Later that same week, I brought up what Jacob said about “Shadow” to my design professor, Taek Kim, whom I would be meeting with regularly to talk about my progress on the project, and he mentioned the idea of making the shadow of the cross the light part of the image and everything around it dark—an inversed shadow, if you will. I was fascinated by the idea, so I wrote it down, but it wasn’t until several weeks later that this simple yet clever idea would inspire the creative breakthrough I was looking for.
The Moment of Breakthrough
As I brainstormed and sketched, searching for the image that I could use to visualize the story of the album and anchor the rest of the design, nothing seemed to be working.
In my sketches, I hoped to be able to incorporate the light and the dark, both definitions of ‘breach’, and the shadow of the cross, but how I was going to do that was beyond me.
Then I remembered what my professor had said about the inversed shadow of the cross. Thinking about how a light shadow might be created, I soon realized that the only way to make something like that would be to shine a light through a hole into darkness.
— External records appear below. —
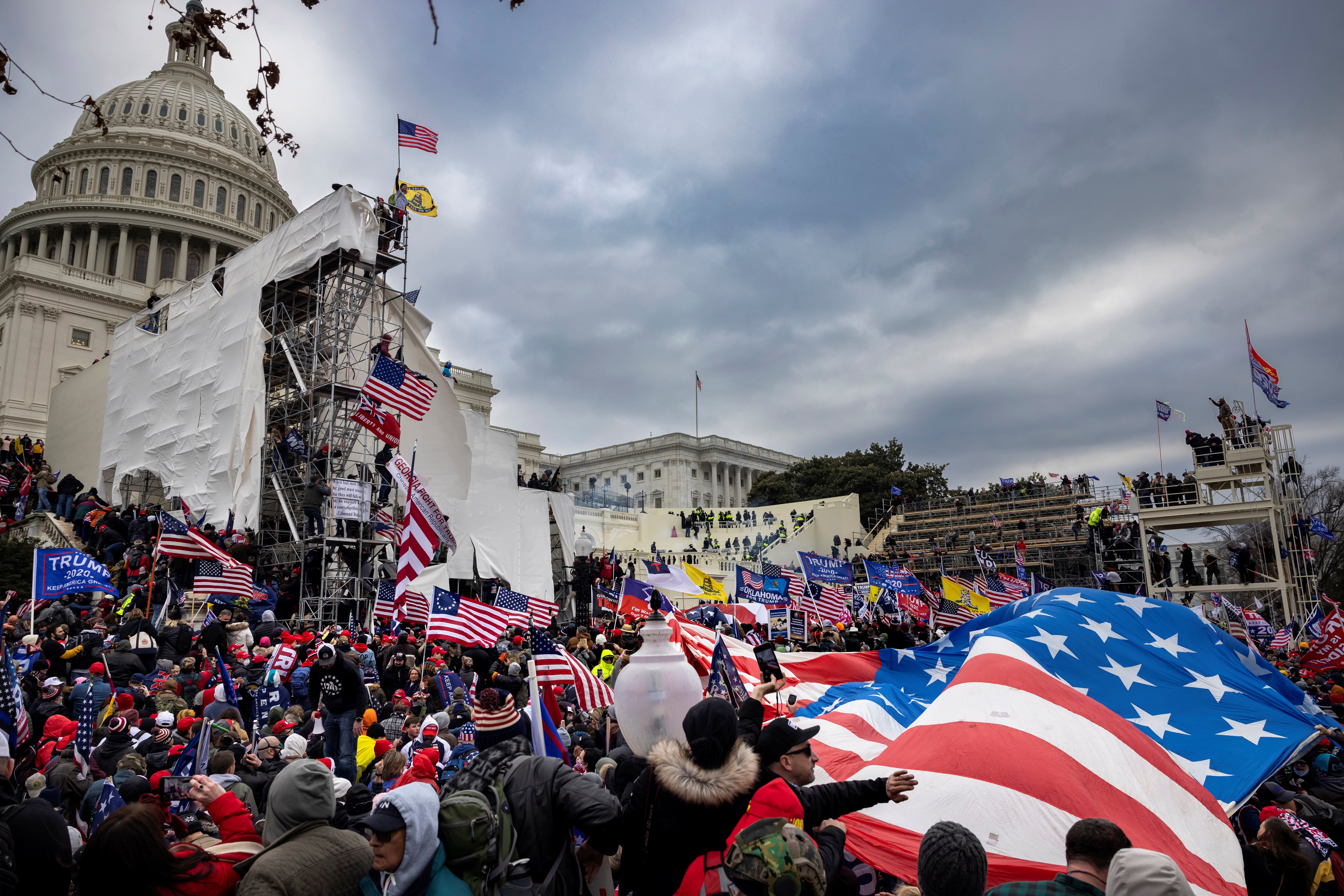 Trump supporters clash with police and security forces as they try to storm the US Capitol on 6 January 2021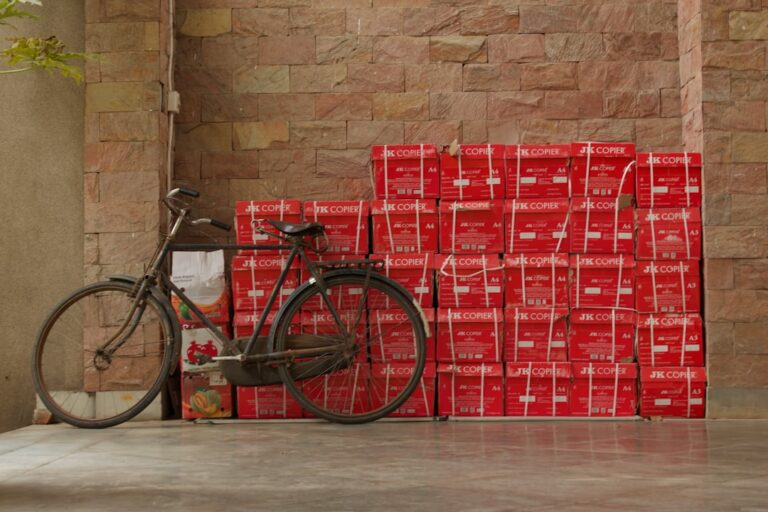 A bicycle parks next to a pile of boxes. | The National Recycling Corporation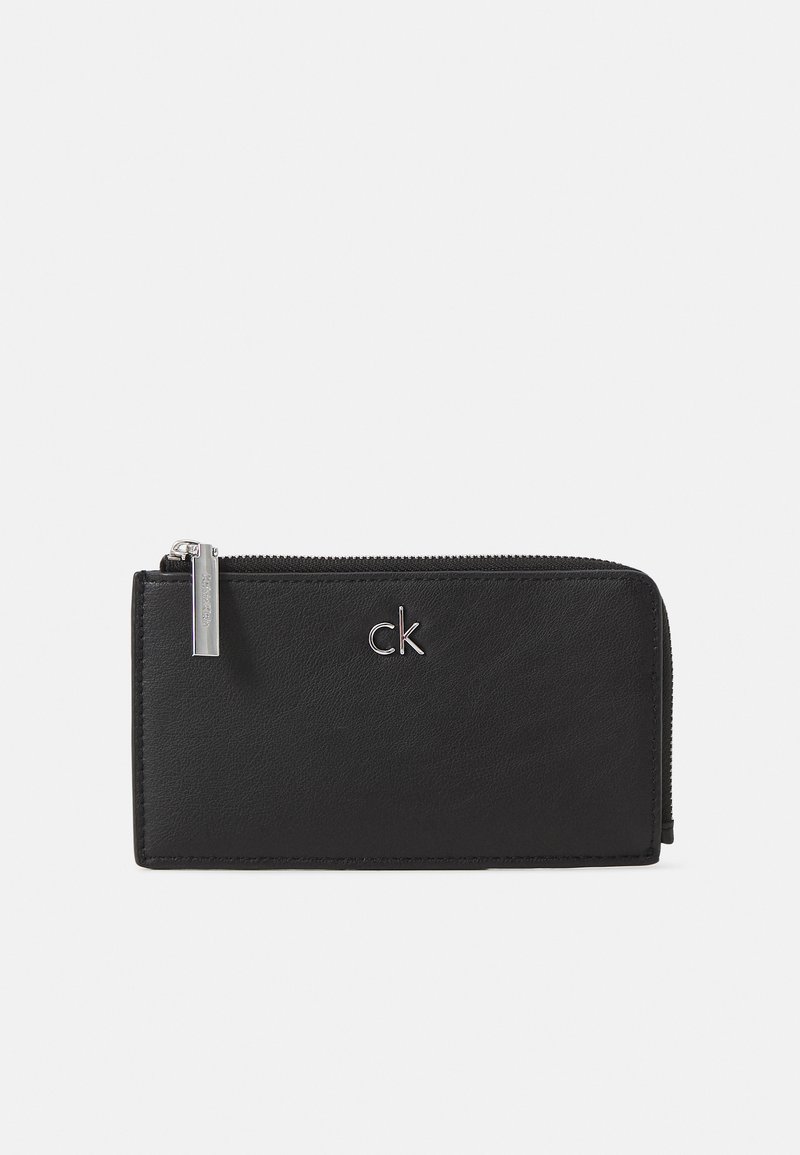 Svart skinnlommebok med glidelås, med sølvlogo og glatt tekstur, rektangulær form og minimalistisk design.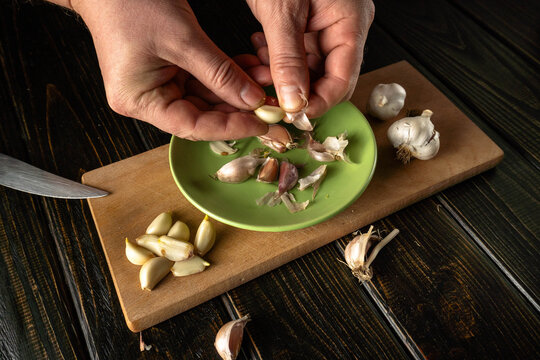 Hands preparing garlic cloves on a wooden cutting board in a kitchen setting during the day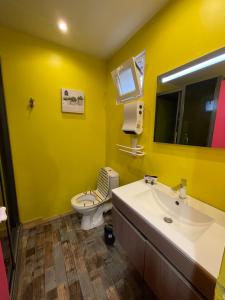 a yellow bathroom with a toilet and a sink at GÎTE LES VOLETS BLEUS in Yport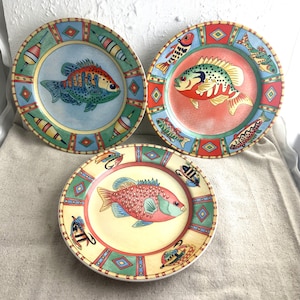 May include: Three ceramic plates with a colorful fish design. Each plate features a different colored fish with a patterned border of fishing lures and bobbers.
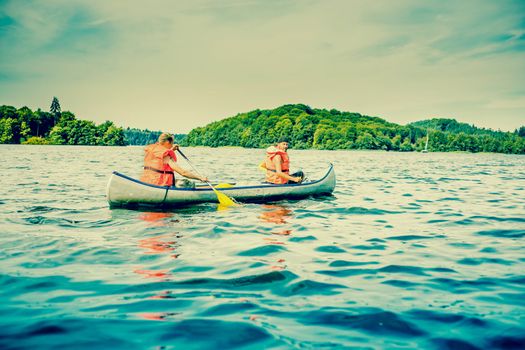 Two young men in a canoe in wild waters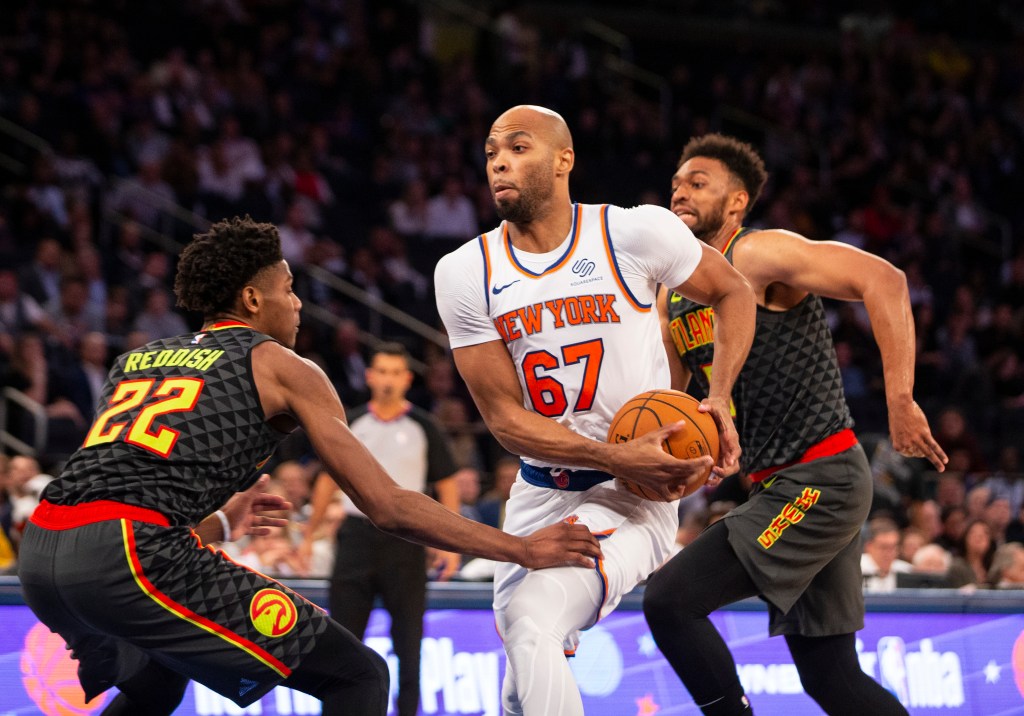 Taj Gibson of the New York Knicks driving to the basket as Cam Reddish of the Atlanta Hawks defends.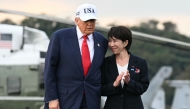 US President Donald Trump and Japan's Prime Minister Sanae Takaichi arrive on board the US Navy's USS George Washington aircraft carrier at the US naval base in Yokosuka on October 28, 2025. (Photo by Andrew Caballero-Reynolds / AFP)

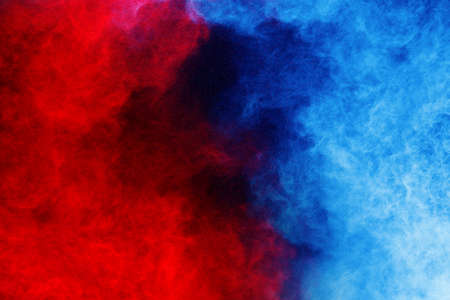 Blue and Red color powder explosion on black background. Colored cloud. Colorful dust explode. Paint...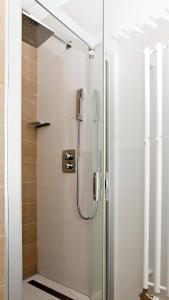 a shower with a glass door in a bathroom at Apartmán Chopok Juh Nadia in Horná Lehota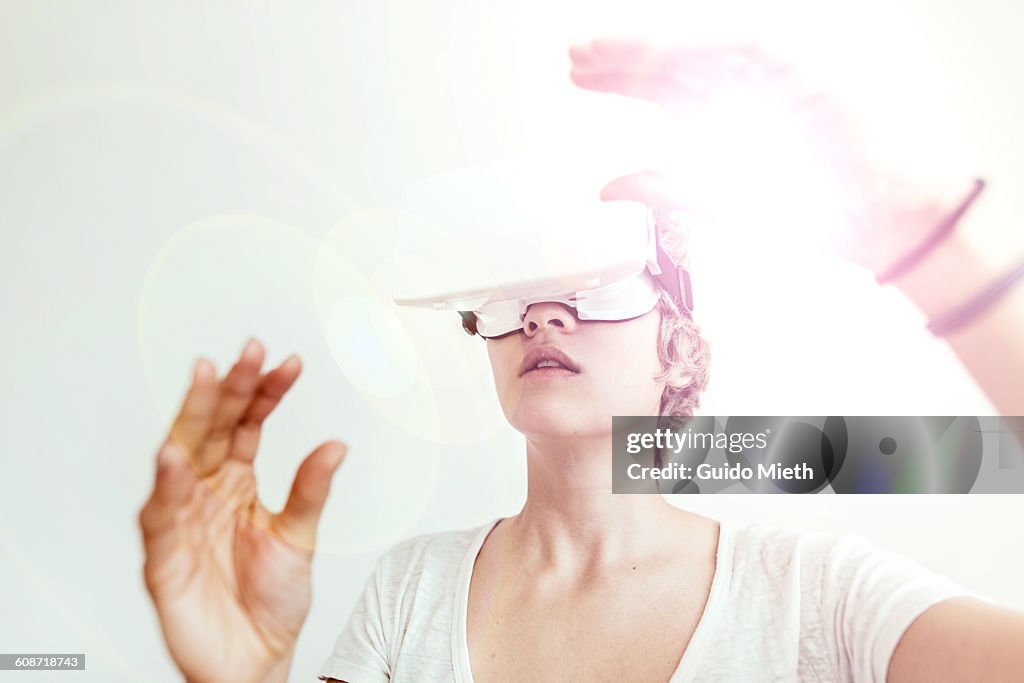 Woman using a virtual reality headset.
Then, in a moment of creative inspiration, I took my pen and punched a hole through the surface of the page I was sketching on, creating a breach in the paper.
Lifting the paper up to the light, I then noticed that the paper I was holding had two sides—a dark side and a light side—and, the paper itself was the barrier between two fundamentally different three-dimensional spaces—a dark space and a light space. As light poured through the punctured paper from the light space into the dark space, a beam of light cast its ‘shadow’ into the darkness. Then, after shaping the hole into a cross, I took out my phone and snapped the following photo:
This simple, low-resolution image, filled with meaning, would become the foundation for the rest of the design.
Designing the Cover
After receiving the go-ahead from the band on the direction that I wanted to take with the design, I recreated the low-resolution image using black construction paper and the light from my desk lamp (see below).
Not wanting to give away too much of the story on the front page of the album, the image focuses entirely on the inversed shadow of the cross, giving the viewer just enough of the picture to infer where the light is coming from—that is, beyond the breach. The warm monochromatic tan color is designed to contrast sharply with the harsh darkness of the surrounding area, and the perspective of the photo has been skewed to give the image more depth of field and a stronger sense of reality. Noise has also been added, giving the image its grainy, gritty texture designed to illustrate Divine Resonance’s raw, rock band sound.
For the title, I chose to use Lost Type Co-op’s typeface Tofino Black because of its bold, blocky characteristics and good legibility at small sizes. Not wanting to distract from the image, the cover type acts as a picture frame, and the wide tracking is designed to contribute to the feeling of lostness and loneliness that the viewer feels before coming into the light. The other typeface used throughout the design is Roboto Condensed Bold from Google Fonts. Limited by space within the booklet, this typeface was extremely useful because of its ability to fit large amounts of text into small areas.